What the task asks.
For this exercise, write out the whole listing below exactly, omitting its images.

Data segment.
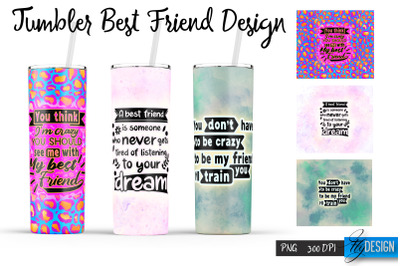 Best Friends Tumbler. Wrap Tumbler 10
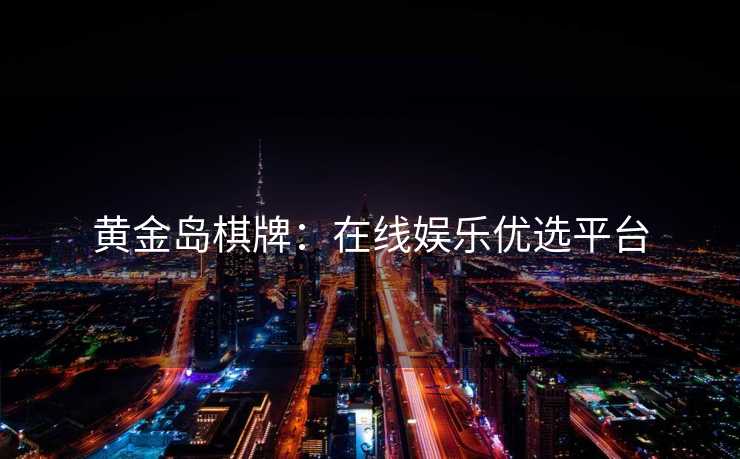 黄金岛棋牌:在线娱乐优选平台 黄金岛棋牌:在线娱乐优选平台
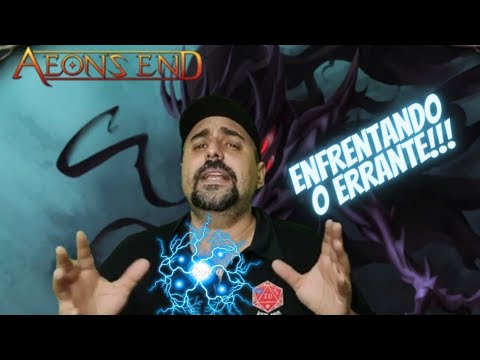 AEONS END GAMEPLAY!!! ENFRENTANDO MAIS UM NEMESIS - O ERRANTE!!!!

Written answer.
 Best Friends Tumbler. Wrap Tumbler 10
 黄金岛棋牌:在线娱乐优选平台 黄金岛棋牌:在线娱乐优选平台
 AEONS END GAMEPLAY!!! ENFRENTANDO MAIS UM NEMESIS - O ERRANTE!!!!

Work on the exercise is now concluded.